▸ Exercise instructions: Would you retype the whole listing exactly, leaving its pictures out?

▸ Data excerpt:

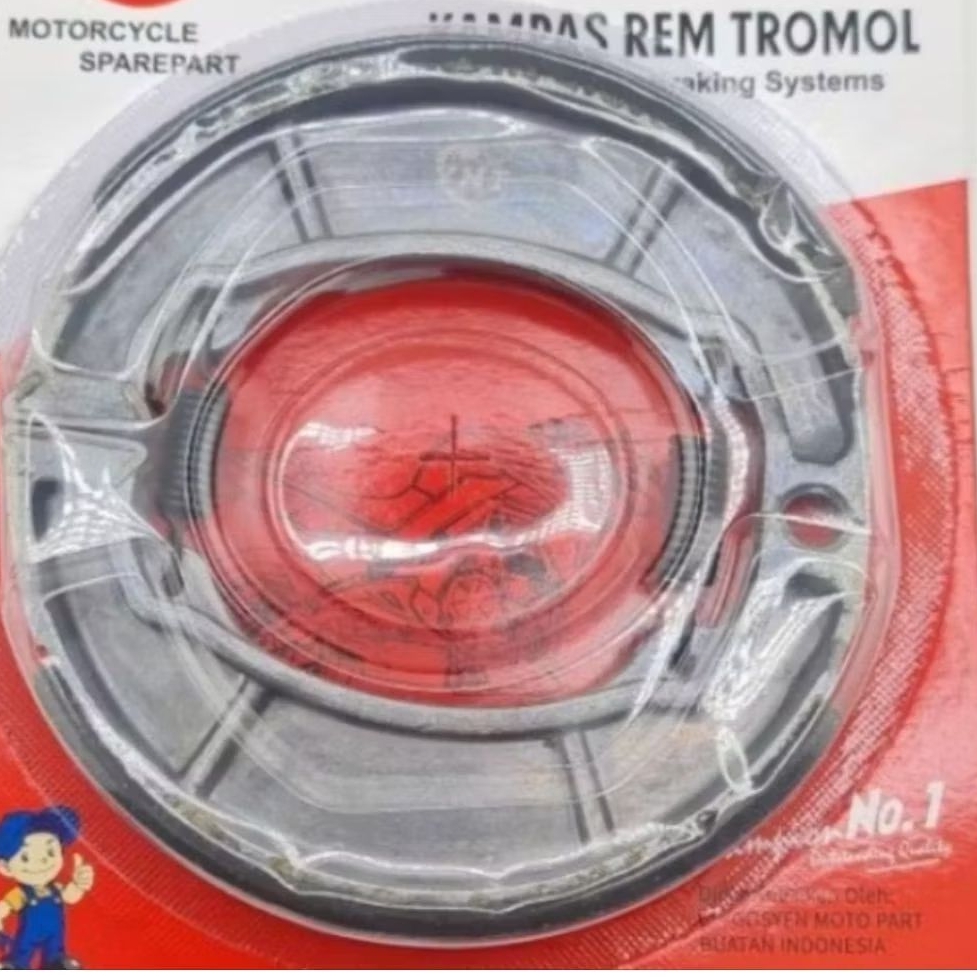 KAMPAS REM BELAKANG TROMOL MIO SPORTY/MIO SOUL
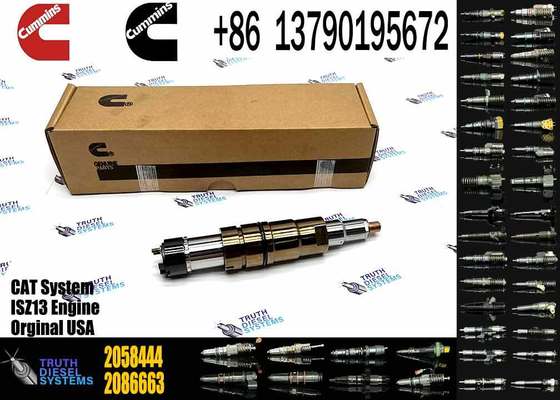 BDHCD 2264458 Factory Outlet Diesel Fuel Injector 2058444 2086663 New Common Rail Injector 5579417 4307217 for Cummins Scania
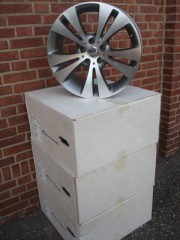 18 Inch EOS Velgen Steek 5x112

▸ Exercise response:
 KAMPAS REM BELAKANG TROMOL MIO SPORTY/MIO SOUL
 BDHCD 2264458 Factory Outlet Diesel Fuel Injector 2058444 2086663 New Common Rail Injector 5579417 4307217 for Cummins Scania
 18 Inch EOS Velgen Steek 5x112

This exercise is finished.